Mostrar, contar, vender. Tais verbos não são novos no Brasil. Desde muito, são carregados junto com a história do país. Mascates, ambulantes e tropeiros foram os primeiros a mostrar algum tipo de esforço, boca a boca, para vender um produto. Depois deles, surgiram os panfletos anunciando serviços. Logo mais, as vendas por telefone. No país, a propaganda corre lado a lado com o sangue. Mas como, de fato, ela acontece?

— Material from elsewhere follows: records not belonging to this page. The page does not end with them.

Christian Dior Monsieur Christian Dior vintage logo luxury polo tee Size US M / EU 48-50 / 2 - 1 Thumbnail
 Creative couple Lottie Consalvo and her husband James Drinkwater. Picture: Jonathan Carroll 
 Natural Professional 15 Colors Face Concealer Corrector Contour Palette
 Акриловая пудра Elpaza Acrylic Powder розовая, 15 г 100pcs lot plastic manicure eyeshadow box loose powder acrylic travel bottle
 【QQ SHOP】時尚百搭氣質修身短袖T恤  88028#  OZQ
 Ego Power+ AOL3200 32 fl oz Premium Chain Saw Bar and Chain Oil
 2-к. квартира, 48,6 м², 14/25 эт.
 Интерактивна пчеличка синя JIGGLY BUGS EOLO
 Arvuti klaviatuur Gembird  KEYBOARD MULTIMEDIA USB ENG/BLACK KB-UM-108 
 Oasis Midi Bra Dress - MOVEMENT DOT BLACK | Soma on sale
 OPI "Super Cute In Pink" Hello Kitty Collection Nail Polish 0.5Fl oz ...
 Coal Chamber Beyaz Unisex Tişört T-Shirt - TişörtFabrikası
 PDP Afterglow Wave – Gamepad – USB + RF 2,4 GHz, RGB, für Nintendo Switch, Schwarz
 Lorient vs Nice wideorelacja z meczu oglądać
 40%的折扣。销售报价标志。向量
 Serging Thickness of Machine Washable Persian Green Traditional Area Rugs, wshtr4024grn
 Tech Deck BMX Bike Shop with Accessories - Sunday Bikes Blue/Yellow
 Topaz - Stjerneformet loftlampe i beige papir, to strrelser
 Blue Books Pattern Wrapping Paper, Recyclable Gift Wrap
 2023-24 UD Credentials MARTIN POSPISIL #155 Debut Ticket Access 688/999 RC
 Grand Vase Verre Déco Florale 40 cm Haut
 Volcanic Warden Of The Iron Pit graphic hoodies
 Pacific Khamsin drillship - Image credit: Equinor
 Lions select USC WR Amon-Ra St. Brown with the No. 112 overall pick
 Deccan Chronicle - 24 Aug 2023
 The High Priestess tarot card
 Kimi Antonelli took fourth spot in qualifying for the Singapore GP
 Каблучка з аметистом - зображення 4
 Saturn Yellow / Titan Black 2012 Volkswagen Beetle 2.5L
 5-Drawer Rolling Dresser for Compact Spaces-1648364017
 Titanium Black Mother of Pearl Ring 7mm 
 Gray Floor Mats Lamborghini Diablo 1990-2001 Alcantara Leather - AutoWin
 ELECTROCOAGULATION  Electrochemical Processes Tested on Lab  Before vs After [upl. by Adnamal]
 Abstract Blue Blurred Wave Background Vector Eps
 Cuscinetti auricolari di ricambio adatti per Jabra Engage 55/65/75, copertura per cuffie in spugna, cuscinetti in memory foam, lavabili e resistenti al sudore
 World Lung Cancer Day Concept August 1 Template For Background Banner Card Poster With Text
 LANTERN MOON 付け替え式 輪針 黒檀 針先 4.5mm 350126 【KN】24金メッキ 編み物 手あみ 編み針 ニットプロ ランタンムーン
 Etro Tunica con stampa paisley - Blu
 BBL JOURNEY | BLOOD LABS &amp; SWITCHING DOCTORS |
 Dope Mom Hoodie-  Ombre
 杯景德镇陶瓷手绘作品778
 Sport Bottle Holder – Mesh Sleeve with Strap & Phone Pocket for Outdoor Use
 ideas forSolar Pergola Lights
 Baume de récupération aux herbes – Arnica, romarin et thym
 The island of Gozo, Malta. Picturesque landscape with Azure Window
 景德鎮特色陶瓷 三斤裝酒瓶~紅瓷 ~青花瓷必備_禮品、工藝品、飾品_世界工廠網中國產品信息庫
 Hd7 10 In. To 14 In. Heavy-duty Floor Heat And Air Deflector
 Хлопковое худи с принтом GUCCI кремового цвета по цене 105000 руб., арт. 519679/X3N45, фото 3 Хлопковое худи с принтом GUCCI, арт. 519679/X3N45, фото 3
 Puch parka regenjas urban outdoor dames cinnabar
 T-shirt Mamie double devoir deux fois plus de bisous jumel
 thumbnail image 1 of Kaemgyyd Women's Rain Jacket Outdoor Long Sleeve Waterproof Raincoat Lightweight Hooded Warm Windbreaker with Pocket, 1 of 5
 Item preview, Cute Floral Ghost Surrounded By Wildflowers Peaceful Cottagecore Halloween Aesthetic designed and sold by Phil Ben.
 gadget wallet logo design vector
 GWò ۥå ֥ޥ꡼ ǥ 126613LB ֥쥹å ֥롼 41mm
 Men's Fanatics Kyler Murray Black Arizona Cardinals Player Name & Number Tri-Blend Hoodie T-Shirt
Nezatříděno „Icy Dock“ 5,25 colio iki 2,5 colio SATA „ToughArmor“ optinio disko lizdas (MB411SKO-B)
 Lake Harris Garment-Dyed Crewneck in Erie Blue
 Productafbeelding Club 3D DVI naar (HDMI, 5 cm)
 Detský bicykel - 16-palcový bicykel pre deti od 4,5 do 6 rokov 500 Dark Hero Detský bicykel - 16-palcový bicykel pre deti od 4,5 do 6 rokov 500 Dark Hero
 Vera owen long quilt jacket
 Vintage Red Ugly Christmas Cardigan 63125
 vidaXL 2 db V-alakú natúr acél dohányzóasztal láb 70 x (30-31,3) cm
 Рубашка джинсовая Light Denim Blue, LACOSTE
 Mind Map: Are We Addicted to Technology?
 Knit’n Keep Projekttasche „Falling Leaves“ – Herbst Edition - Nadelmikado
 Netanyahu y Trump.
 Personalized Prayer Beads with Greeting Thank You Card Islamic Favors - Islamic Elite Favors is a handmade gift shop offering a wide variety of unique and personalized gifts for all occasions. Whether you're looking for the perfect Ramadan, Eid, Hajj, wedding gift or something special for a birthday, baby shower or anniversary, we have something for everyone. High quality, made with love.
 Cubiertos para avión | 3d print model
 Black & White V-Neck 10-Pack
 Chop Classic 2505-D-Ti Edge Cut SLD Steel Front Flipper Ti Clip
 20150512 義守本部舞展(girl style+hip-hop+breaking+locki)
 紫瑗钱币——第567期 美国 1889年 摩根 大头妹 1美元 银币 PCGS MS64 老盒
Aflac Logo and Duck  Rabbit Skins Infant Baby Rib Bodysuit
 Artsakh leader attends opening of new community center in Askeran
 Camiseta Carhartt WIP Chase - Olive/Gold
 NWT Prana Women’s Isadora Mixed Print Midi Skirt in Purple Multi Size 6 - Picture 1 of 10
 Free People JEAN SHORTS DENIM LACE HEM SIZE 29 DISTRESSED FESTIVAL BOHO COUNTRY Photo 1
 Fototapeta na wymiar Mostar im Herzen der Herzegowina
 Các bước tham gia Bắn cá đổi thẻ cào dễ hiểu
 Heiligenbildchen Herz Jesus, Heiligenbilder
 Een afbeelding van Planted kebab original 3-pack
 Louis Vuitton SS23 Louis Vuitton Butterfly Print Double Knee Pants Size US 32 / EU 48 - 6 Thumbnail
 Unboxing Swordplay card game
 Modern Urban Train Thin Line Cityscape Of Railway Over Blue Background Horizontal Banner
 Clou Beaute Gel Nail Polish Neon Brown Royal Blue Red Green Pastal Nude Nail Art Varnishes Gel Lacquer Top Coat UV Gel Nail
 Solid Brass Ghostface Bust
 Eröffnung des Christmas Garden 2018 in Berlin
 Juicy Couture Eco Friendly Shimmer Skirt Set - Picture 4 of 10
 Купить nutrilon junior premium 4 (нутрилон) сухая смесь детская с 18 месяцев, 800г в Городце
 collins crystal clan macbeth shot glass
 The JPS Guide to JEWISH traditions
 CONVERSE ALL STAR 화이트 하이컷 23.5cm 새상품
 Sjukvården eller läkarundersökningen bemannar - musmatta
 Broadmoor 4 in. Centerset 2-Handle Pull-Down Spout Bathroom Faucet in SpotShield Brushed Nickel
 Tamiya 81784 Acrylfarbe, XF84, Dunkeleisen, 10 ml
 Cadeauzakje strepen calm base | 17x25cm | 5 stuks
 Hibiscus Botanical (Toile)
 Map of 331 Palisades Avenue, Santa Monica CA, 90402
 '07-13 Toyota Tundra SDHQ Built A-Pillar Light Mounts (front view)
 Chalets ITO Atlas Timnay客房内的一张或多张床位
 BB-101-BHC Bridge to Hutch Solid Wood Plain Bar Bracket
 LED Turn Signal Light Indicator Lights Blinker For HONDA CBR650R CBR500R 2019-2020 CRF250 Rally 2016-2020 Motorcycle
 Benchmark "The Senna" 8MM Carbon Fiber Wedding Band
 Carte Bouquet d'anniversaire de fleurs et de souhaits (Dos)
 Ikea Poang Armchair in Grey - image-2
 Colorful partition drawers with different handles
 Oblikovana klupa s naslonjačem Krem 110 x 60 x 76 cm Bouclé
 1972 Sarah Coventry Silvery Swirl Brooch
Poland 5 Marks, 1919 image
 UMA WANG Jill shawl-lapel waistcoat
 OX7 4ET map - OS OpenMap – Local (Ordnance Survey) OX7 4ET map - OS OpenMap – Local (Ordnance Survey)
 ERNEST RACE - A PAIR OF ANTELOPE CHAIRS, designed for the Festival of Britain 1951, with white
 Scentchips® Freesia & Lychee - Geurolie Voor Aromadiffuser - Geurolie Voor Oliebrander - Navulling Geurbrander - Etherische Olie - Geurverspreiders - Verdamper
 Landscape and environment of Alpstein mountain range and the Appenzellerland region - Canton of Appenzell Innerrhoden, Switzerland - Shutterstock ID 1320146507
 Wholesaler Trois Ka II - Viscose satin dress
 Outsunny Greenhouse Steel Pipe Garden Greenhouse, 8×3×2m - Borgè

Essencialmente, o papel da propaganda é colaborar na difusão de ideias. O primeiro passo para entender como ela funciona é entender que difundir uma ideia não é fácil. Há diferentes opiniões de quem constrói a publicidade e há diferentes opinião por parte de quem a recebe. Estabelecer uma forma de contato entre ambas as partes é o ponto chave. Mergulhando no universo da publicidade e propaganda, o Segundo Caderno visitou o Núcleo Experimental de Publicidade e Propaganda da Faculdade de Artes e Comunicação da Universidade de Passo Fundo e conversou com a supervisora geral Maria Goreti Betencourt. Há 17 anos trabalhando com alunos e profissionais, ela destaca que o trabalho não é feito só de criatividade. É preciso pesquisa e estudo.
Um exemplo, por favor
Para compreender melhor como nascem as peças publicitárias, aproveitamos o lançamento da campanha de Pós-Graduação da UPF. A primeira vista, tudo é muito simples: um origami acompanhado da frase “Transformar faz parte do seu papel”.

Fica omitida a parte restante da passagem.